By MARK KARLIN, EDITOR OF BUZZFLASH AT TRUTHOUT
A Mine-Resistant Ambush Protected vehicle
The sheriff of Bastrop County, Texas, is a pretty happy man.
He just took possession of a Mine-Resistant Ambush Protected (MRAP) vehicle for his police force. It’s a gift from the US military — paid for by taxpayers — part of a surplus giveaway program to police deparments.
Bastrop County Sheriff’s Office Lt. Joey Dzienowki told the Austin Statesman, “I look at this as the fire department looks at a new fire truck.” Gee, I wonder when the kids can get a free ride on the Mine-Resistant Ambush Protected vehicle, July 4th? “When it’s not in use on calls, the county’s SWAT team will use the MRAP in training and the county may display it at various events for citizens to examine,” Dzienowki explained to the Statesman.
To be fair to Lt. Dzienowski, he also avows, “We’re not militarizing the department at all.” Given that law enforcement agencies in cities and hamlets alike across the land are being given such defense department surplus items, you can be sure that one of the goals of the program is indeed to blur the distinction between local police and the military. This was begun long ago, and was most visibly evident in the emergence of SWAT teams a few decades back.
The national militarized police crackdown on the Occupy Movement is an example of how military-law enforcement relations can lead to municipal police departments acting as surrogates for what would be a military crackdown in other nations.
Increasingly, through such vehicles as the Fusion Centers — created to “coordinate” law enforcement, military, and intelligence activity in the wake of 9/11 — are experiencing mission creep into suppression of dissent and protectors of the interests of the 1%.
The MRAP vehicle gifted to Bastrop County (just east of Austin), Texas, is basically just treated as a local news item.
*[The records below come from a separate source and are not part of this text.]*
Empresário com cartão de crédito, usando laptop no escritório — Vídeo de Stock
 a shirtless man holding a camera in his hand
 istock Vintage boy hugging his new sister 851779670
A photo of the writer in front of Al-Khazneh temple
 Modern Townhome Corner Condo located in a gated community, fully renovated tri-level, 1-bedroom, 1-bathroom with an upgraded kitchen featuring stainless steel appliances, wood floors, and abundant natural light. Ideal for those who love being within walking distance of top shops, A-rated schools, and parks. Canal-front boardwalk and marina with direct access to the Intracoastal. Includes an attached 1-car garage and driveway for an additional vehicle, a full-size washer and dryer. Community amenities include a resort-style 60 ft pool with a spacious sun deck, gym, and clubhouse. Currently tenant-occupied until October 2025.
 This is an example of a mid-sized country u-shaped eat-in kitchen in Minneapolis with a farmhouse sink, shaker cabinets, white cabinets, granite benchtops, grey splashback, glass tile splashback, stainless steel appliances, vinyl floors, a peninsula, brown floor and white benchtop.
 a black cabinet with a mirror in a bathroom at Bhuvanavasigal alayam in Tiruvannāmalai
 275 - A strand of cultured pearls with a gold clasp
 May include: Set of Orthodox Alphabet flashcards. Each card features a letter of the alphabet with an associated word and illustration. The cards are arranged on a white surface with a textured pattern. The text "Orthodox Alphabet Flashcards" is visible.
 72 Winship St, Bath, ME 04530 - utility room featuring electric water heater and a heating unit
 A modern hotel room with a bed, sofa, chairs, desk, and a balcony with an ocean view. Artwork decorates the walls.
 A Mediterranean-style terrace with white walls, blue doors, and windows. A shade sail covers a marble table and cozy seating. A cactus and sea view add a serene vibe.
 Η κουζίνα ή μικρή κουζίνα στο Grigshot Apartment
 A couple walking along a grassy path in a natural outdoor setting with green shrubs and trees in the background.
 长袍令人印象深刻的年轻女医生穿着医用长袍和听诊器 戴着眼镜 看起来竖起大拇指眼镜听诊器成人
But just back up — like zooming out on a google map — and see the bigger picture.
In that larger frame, you see America’s fascination with violence, its empire military culture and expenditures on weapons, its Pentagon video recruitment games, its love affair with guns, and its growing glorification of the robo-cop merging together.
The end result is not a pretty picture for a free society that ostensibly values independent thinking and rights.